We used to ride folding bikes (lived afloat a good portion of our lives and they seemed a sensible solution to space requirements) but we shifted to recumbent bikes in 1997 or so. Gradually fell in with the trike world starting in 2000 and got our first recumbent tandem trike a couple of years later. We enjoyed the tandem aspect but that particular machine was too heavy and too slow, so after a year, we sold it. When the fellows at ICE in Falmouth, GB developed their B2B, it was a custom job for a pair of serious randoneers who had already logged 35,000 miles of riding. That pair’s requirements for a lighter, more aero machine nicely synched with our thoughts and when the resulting machine was shown at one of the European bike shows, it re-kindled our interest in having a tandem. We questioned whether Vicky would find the stoker’s position enjoyable, so we arranged for some cheap seats on a flight to London and then took the train to Falmouth to try the prototype. As it happened, we were seated facing aft during much of the train trip and Vicky found herself getting queasy!
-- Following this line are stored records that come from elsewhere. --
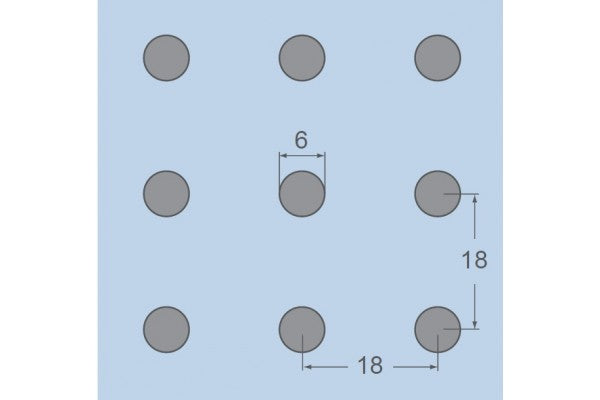 Placa perfurada VOGL 6/18- redondo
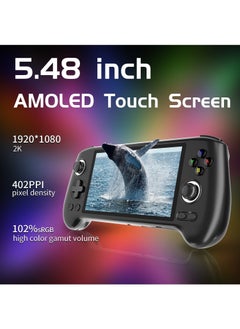 ANBERNIC RG556 Handheld Game Console Unisoc T820 Android 13 5.48 inch AMOLED Screen 5500mAh WIFI Bluetooth Retro Video Players (Black 256G) - pzsku/Z0C92F7CB5D3D30F49BBCZ/45/_/1713935761/77ee69b4-db4a-4448-a8f6-c409fb9b62b4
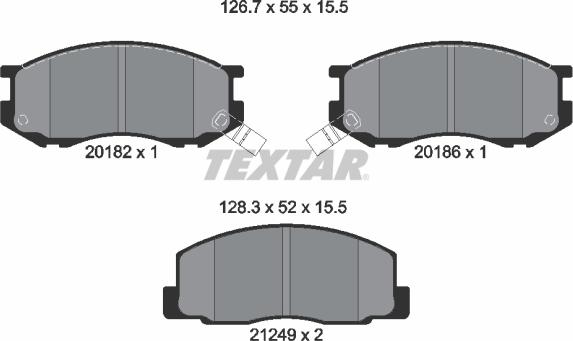 Textar 2018201 - Jarrupala, levyjarru inparts.fi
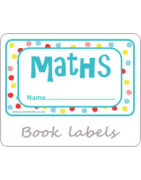 Exercise Book Labels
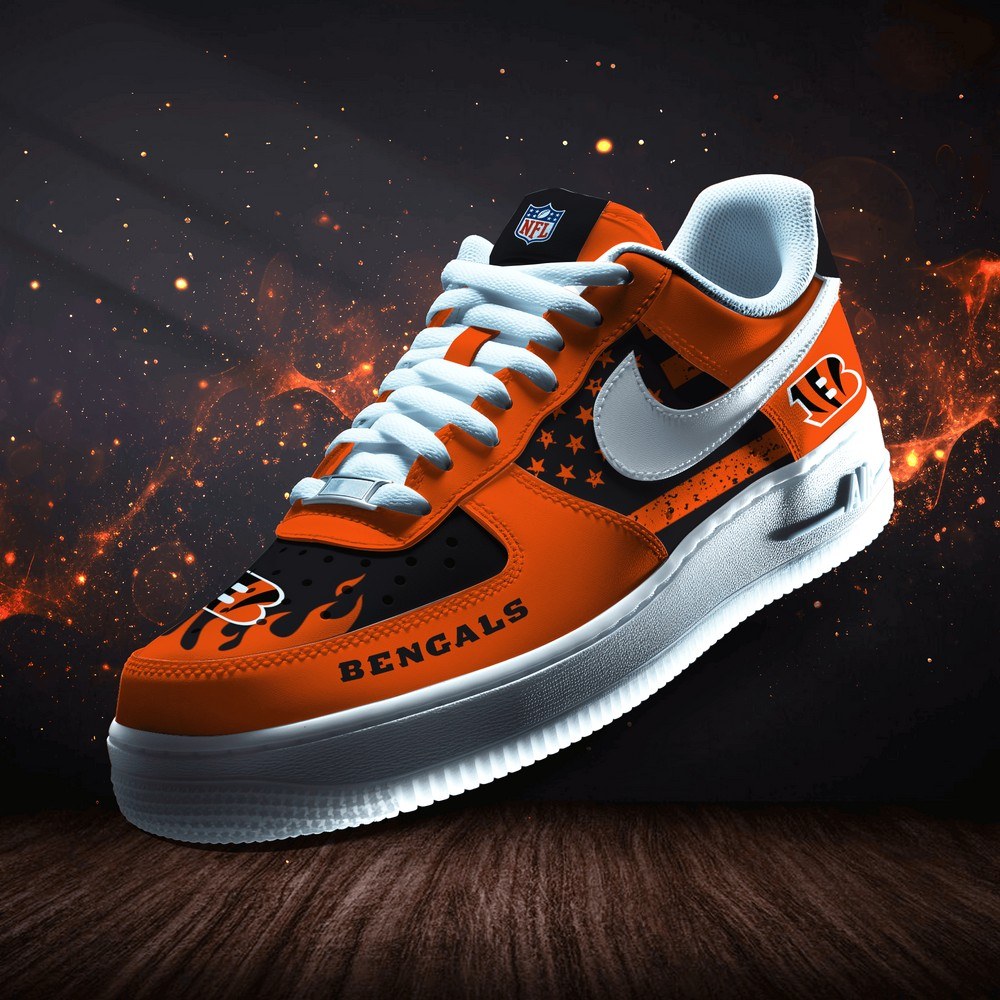 Cincinnati Bengals Personalized Version 8 AF1 Shoes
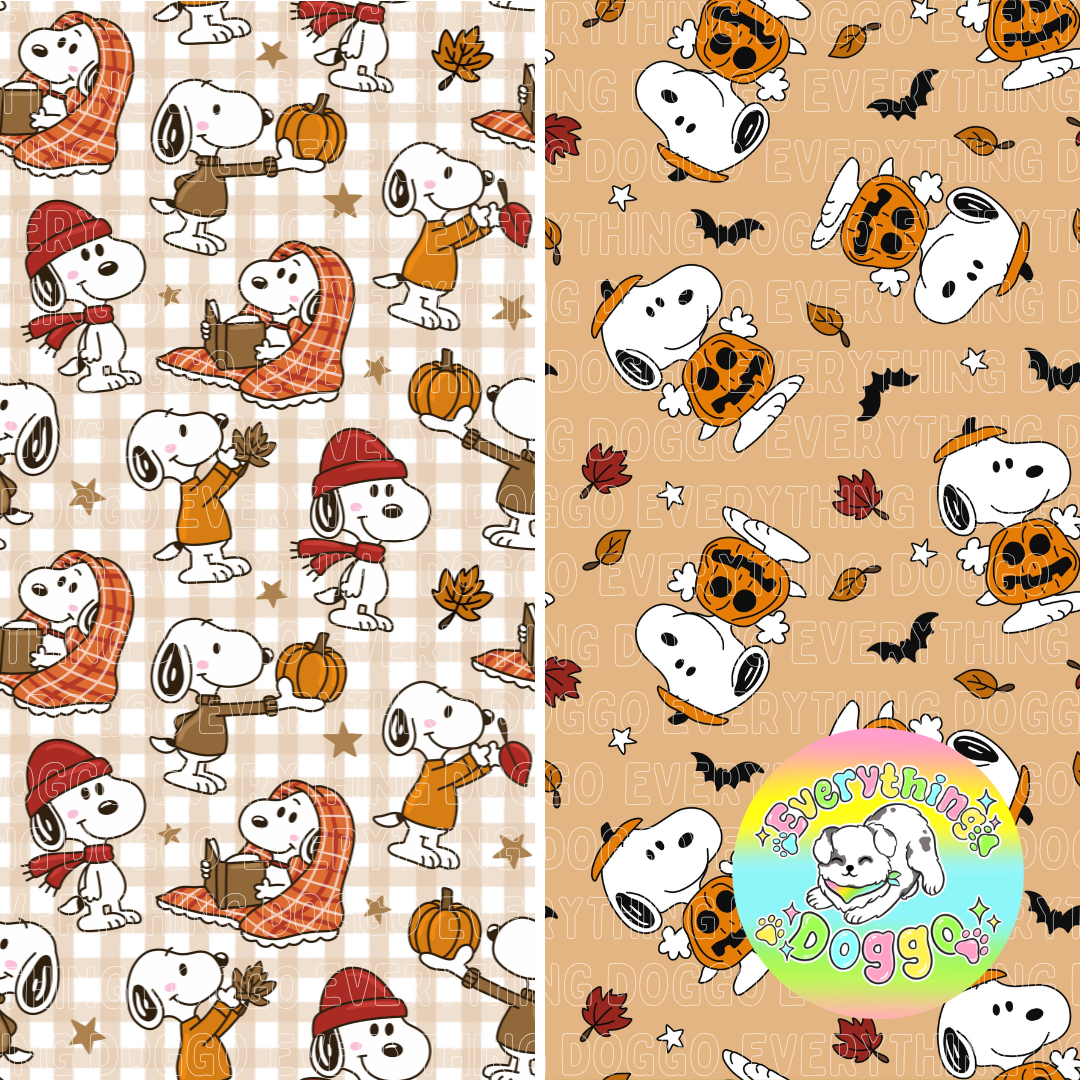 Fall Snoops - Bandana (Reversible)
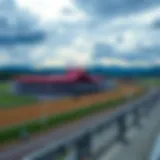 A panoramic view of Tioga Downs racetrack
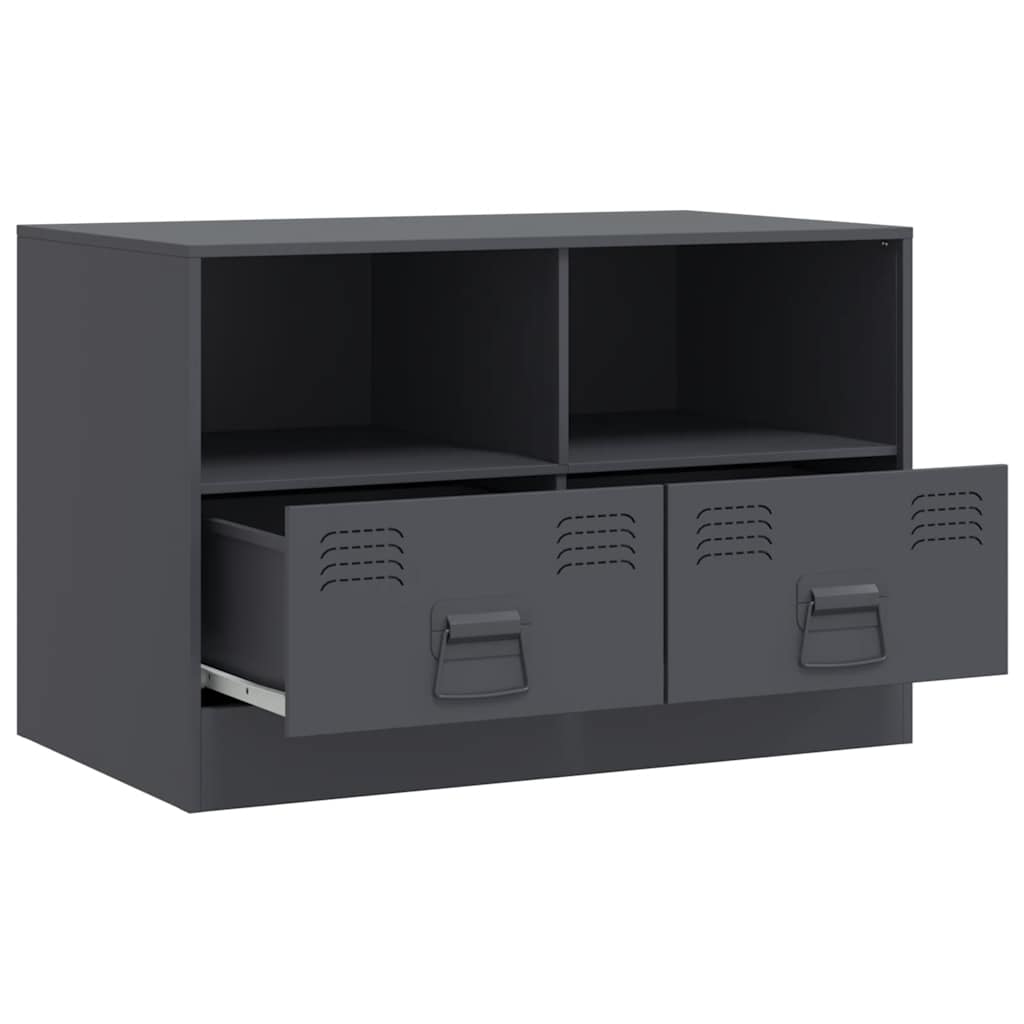 TV Cabinets 2 pcs Anthracite 67x39x44 cm Steel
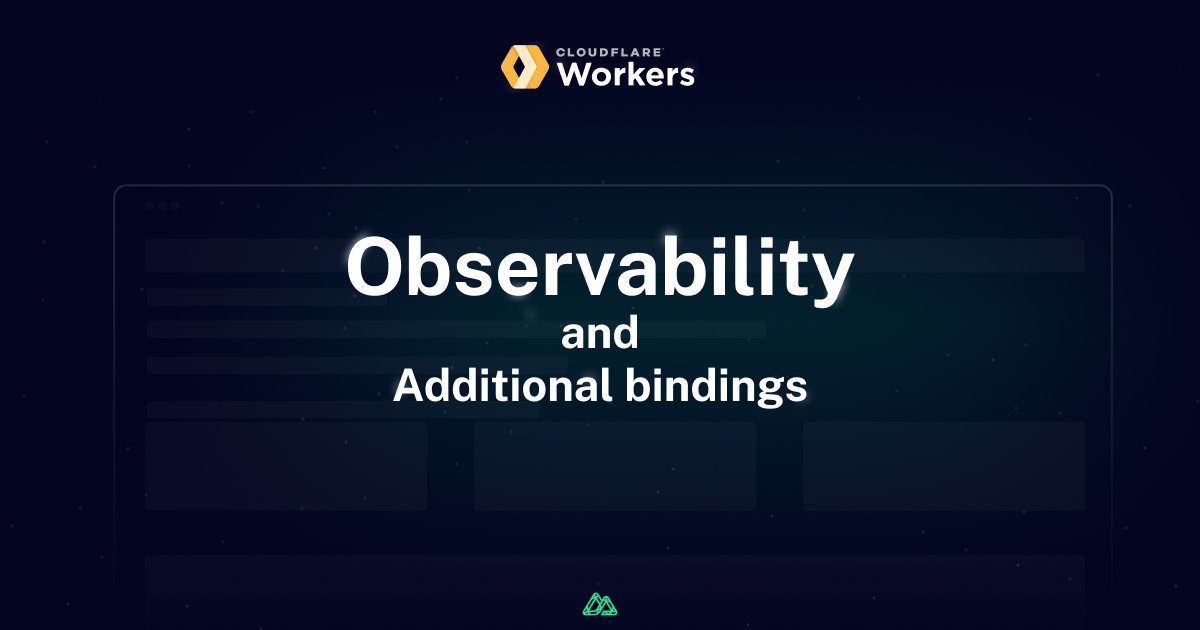 nuxt_hub's tweet card. Support for Worker Logs and adding additional bindings for Worker projects.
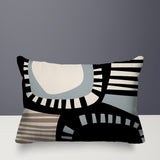 Alika Abstract Reversible Indoor/Outdoor Rectangular Pillow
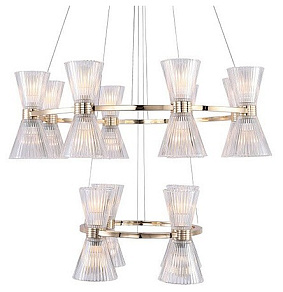 Подвесная люстра Newport 3610 3616/S gold new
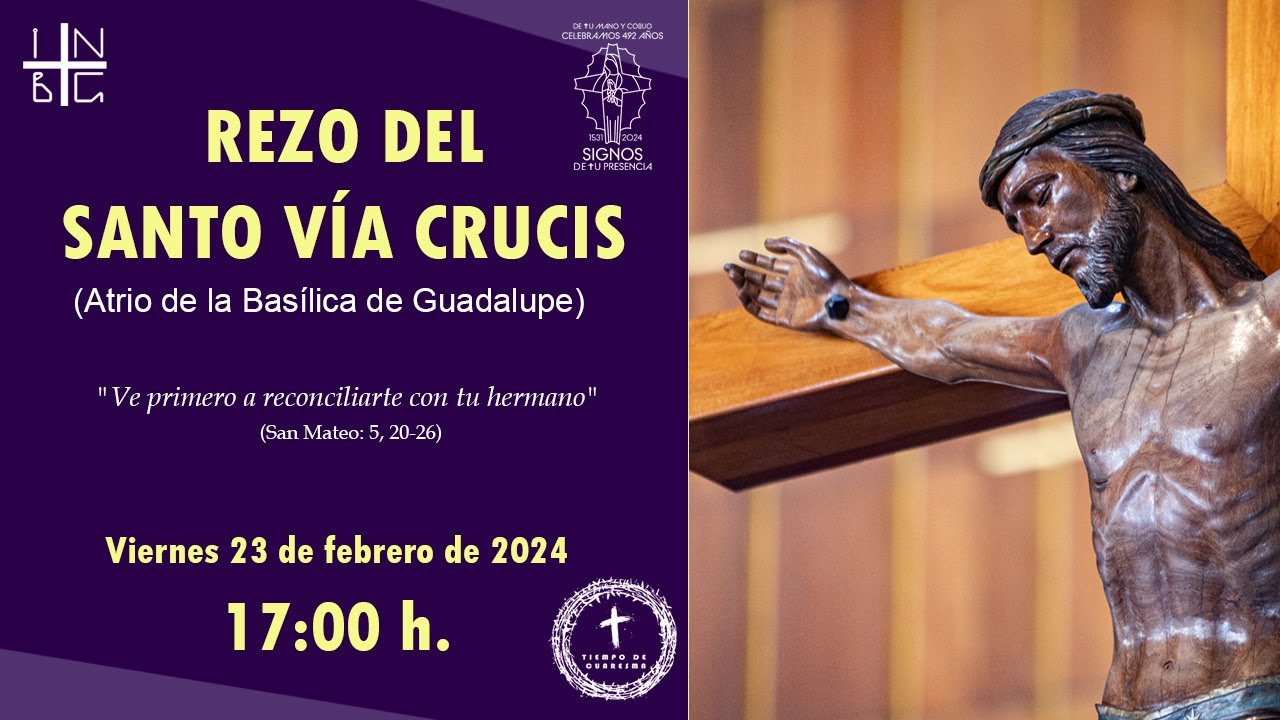 Rezo del Santo Vía Crucis, 23 de febrero del 2024, 17:00 h.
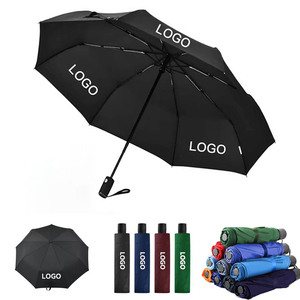 <span class=keywords><strong>Parapluie</strong></span> promotionnel pliant en 3 sections, imperméable, en pongé, imprimé sérigraphié, pare-soleil, personnalisable, portable, entièrement automatique, pour voyage, pour filles - Product Image 4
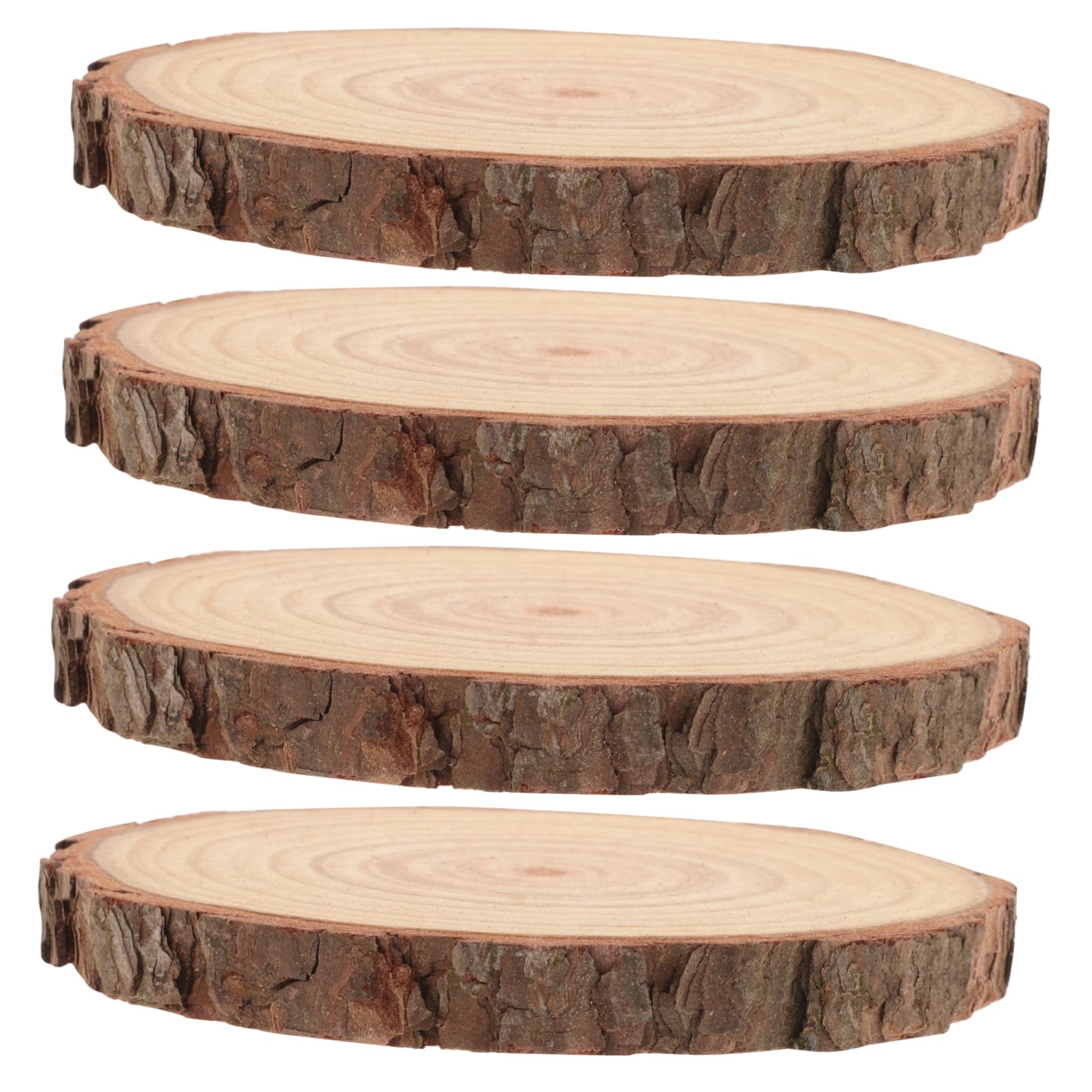 Lurrose 12stücke Unbearbeitete Runde Holzscheiben Für Handwerk Dicke Für Hochzeiten Partys Und Dekorationen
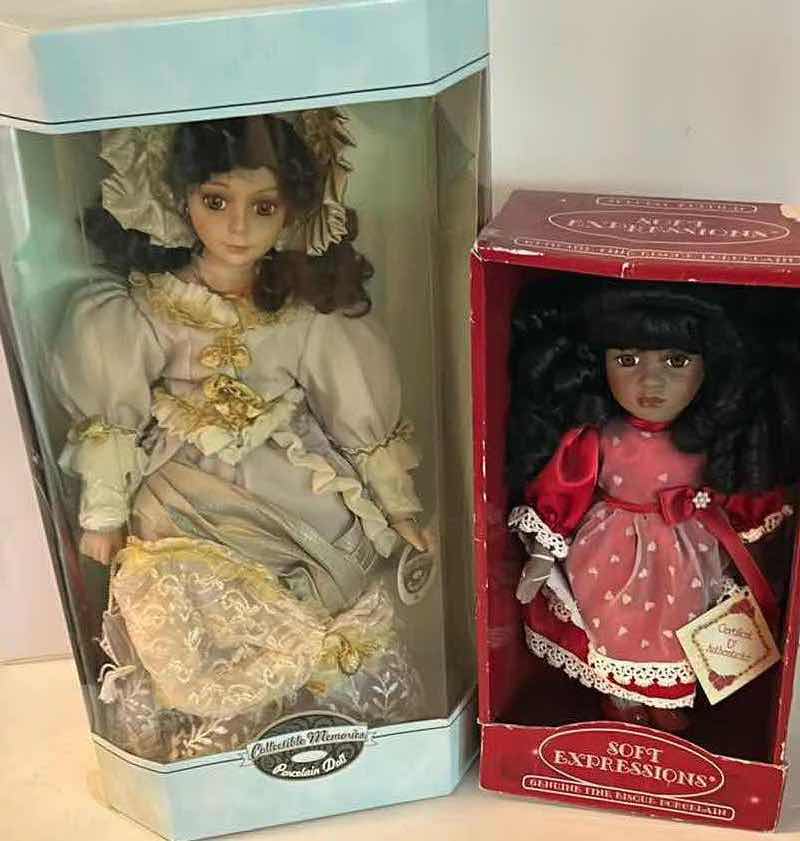 Photo 1 of 2 NIB DOLLS - COLLECTIBLE MEMORIES" SPECIAL EDITION PORCELAIN DOLL & SOFT EXPRESSIONS" GENUINE FINE BISQUE PORCELAIN DOLL $75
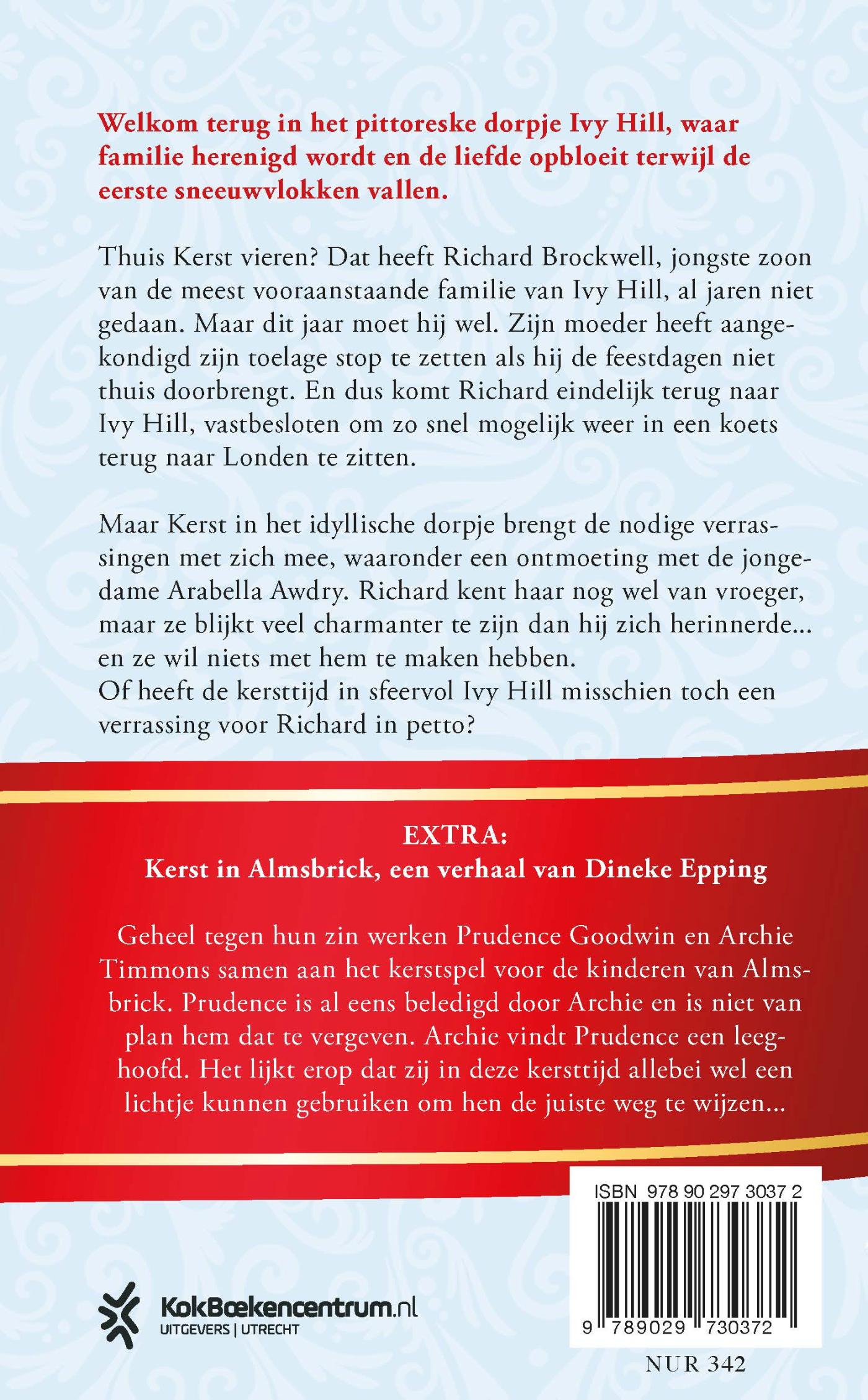 Achterkant van Kerst op Ivy Hill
That did not seem like a good harbinger for this machine. However, once she was riding – out in the open – there was no problem and she quickly became quite enthusiastic about having one built up for us. We have had it almost 4 years now and have particularly enjoyed touring with it in such locales as Mendocino, Death Valley, Central Oregon and British Columbia. It *just* fits in our Honda Odyssey van, rear wheel forward between the front seats and the captain’s crank boom removed.

the ICE folk have ceased building custom machines in lieu of their very successful production trikes and bikes. I have seen a photo of another Greenspeed-clone B2B trike in the NY area, however AFAIK, the total in existence of trike B2Bs is only 3.

Thanks for the tip and the history Craig and Vicky! It's great to hear from other back to back tandem couples, no matter how many wheels are involved. We hope to meet you out on the road someday.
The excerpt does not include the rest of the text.